Vita d'artista


Muottas Muragl

Stavo leggendo un nuovo saggio di Byung- Chul Han, professore di Estetica all’università di Berlino, un elogio della “Vita contemplativa, o dell’inazione”. Il filosofo sudcoreano afferma che in una società nella quale il “tempo libero” serve a rinfrancarsi dopo il lavoro, ecco che esso resta incatenato alla logica di quest’ultimo: e quale derivato del lavoro rimane un elemento funzionale alla produzione.

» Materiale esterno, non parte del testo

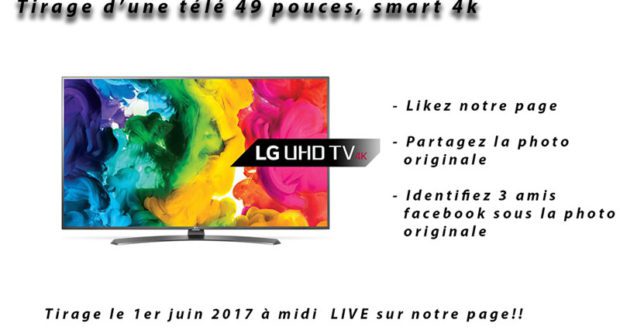 Télévision de 49 pouces, smart 4k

Il tempo davvero libero, invece, non appartiene all’ordine del lavoro, è un tempo diverso che unisce in sé intensità vitale e contemplazione, laddove oggi per “vita intensa” si intende di nuovo più prestazione e più consumo. Il nostro tempo libero non è più calma sacra e festosa, e un tempo che ammazziamo finché non emerge la noia.

La necessità di riempire tutti i vuoti, la prestazione, l’agire che sprofonda nell’azione cieca senza un attimo di pausa o tentennamento è il preludio della barbarie. “Laddove imperversa lo schematismo stimolo/reazione, bisogno/appagamento, problema/soluzione, obbiettivo/azione mirata, la vita si riduce a sopravvivenza, a nuda vita animale. È dall’inazione che la vita ottiene il proprio splendore. Se ci viene a mancare l’inazione come possibilità, finiamo per sembrare una macchina che deve solo funzionare” afferma Han, osservando pure che questa coazione ad agire si rivela un efficiente strumento di dominio. E afferma anche che se oggi una rivoluzione pare impossibile allora forse il motivo è che non abbiamo più tempo per pensare.

Non so come il pensiero mi è andato spontaneo alla fatica di ore che feci per arrivare alla Capanna Segantini, a 2.400 mt, nel percorso alpino di Muottas Muragl, in Engadina, capanna che fu lo studio di Giovanni Segantini, ora ristoro, con una vista mozzafiato sul massiccio del Bernina e l’eccelso panorama lacustre della zona.

Segantini, in modo radicale e visionario, si trasferì là nel 1899 per poter terminare il suo Trittico della Natura per l’imminente Expo a Parigi, e una necessità assoluta di solitudine e contemplazione. Quando arrivai in alto, mi fu chiaro finalmente che per fare una grande opera bisogna imparare a lasciare il mondo e il suo rumore a se stesso, anche a rischio di sembrare dei sacrileghi oziosi. Segantini arrivò nel suo eremo sublime portando delle tele, del cibo e lì rimase finché purtroppo non morì: ci sono delle vecchie foto così uniche nel loro genere, che lo ritraggono con i quadri in mezzo alla neve, poetiche e sognanti.

“Il pensiero dell’artista moderno deve liberamente correre alle limpide e sempre fresche sorgenti della natura, eternamente giovane, eternamente bella, eternamente vergine”.